Given information »
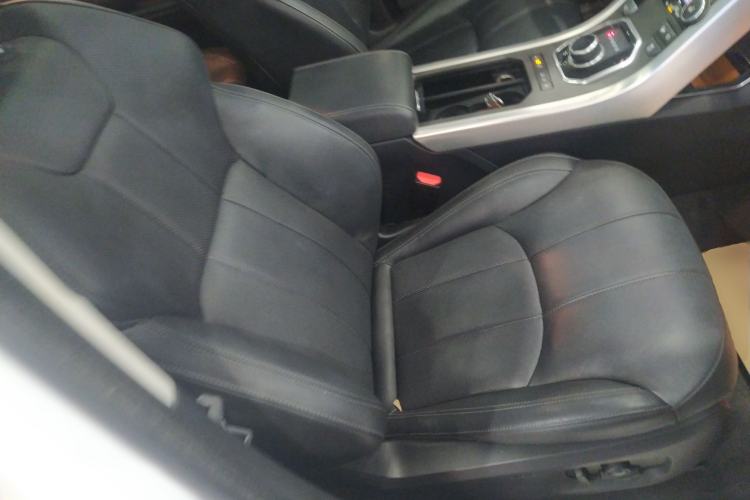Used Land Rover Range Evoque 2018 240 PS SE DYNAMIC Smart Edition Right Front Seat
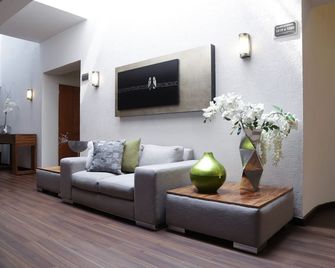 Mesón Ejecutivo Guadalajara Minerva - Av México - Guadalajara - Living room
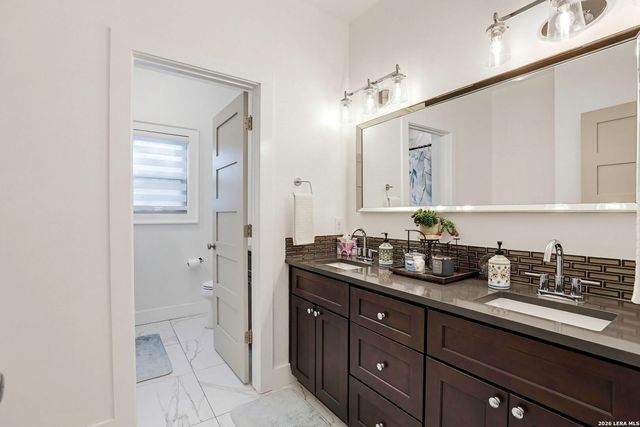 827 COUNTY ROAD 2801 E, Mico, TX 78056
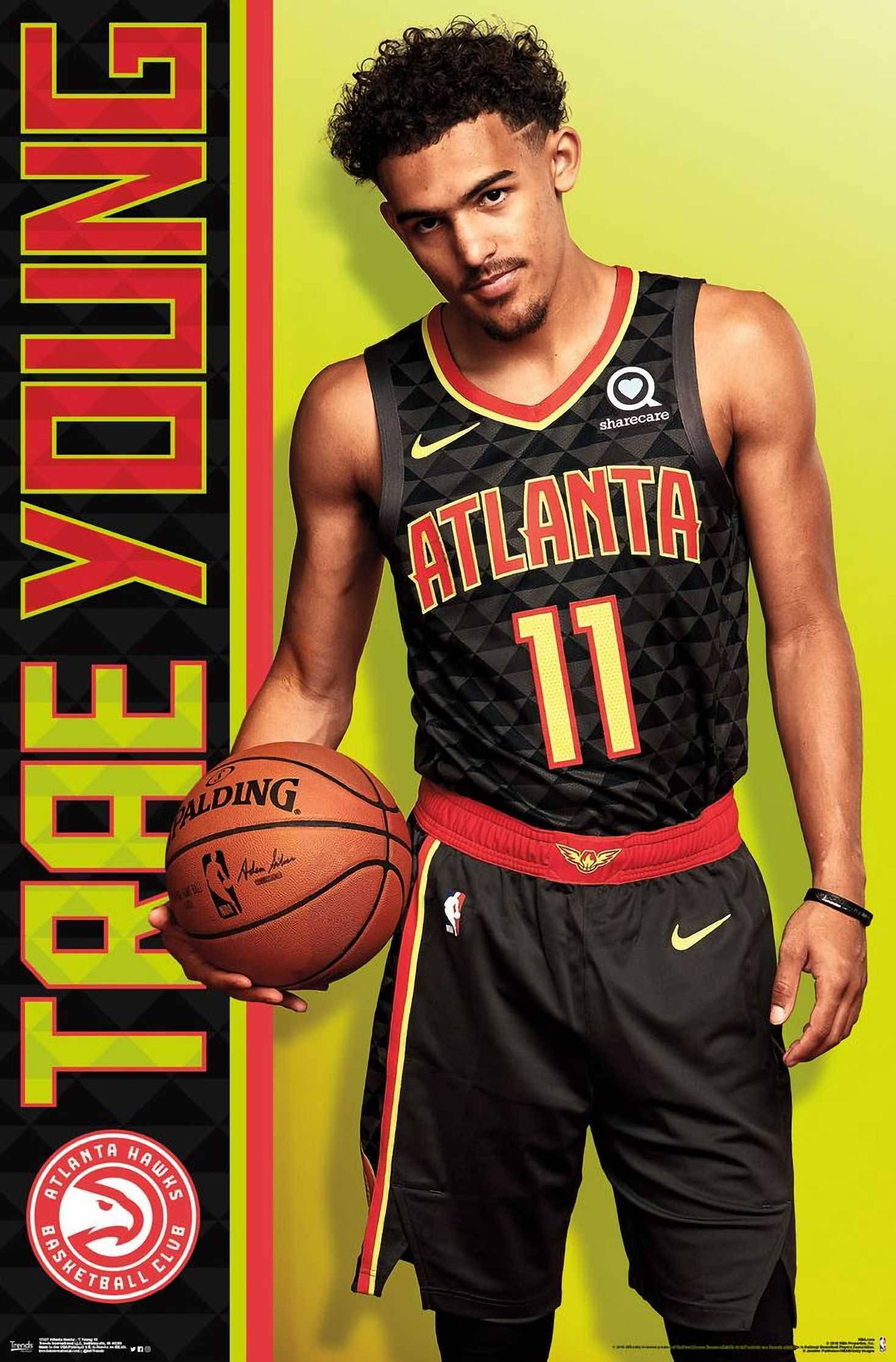 特雷·楊亞特蘭大官方海報 壁紙 — 運動型籃球運動員Trae Young身穿亞特蘭大老鷹隊球衣，手持籃球，背景為鮮豔的黃色。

Work instructions » The listing above should be repeated word for word, with every image left out.

Task response »
Used Land Rover Range Evoque 2018 240 PS SE DYNAMIC Smart Edition Right Front Seat
 Mesón Ejecutivo Guadalajara Minerva - Av México - Guadalajara - Living room
 827 COUNTY ROAD 2801 E, Mico, TX 78056
 特雷·楊亞特蘭大官方海報 壁紙 — 運動型籃球運動員Trae Young身穿亞特蘭大老鷹隊球衣，手持籃球，背景為鮮豔的黃色。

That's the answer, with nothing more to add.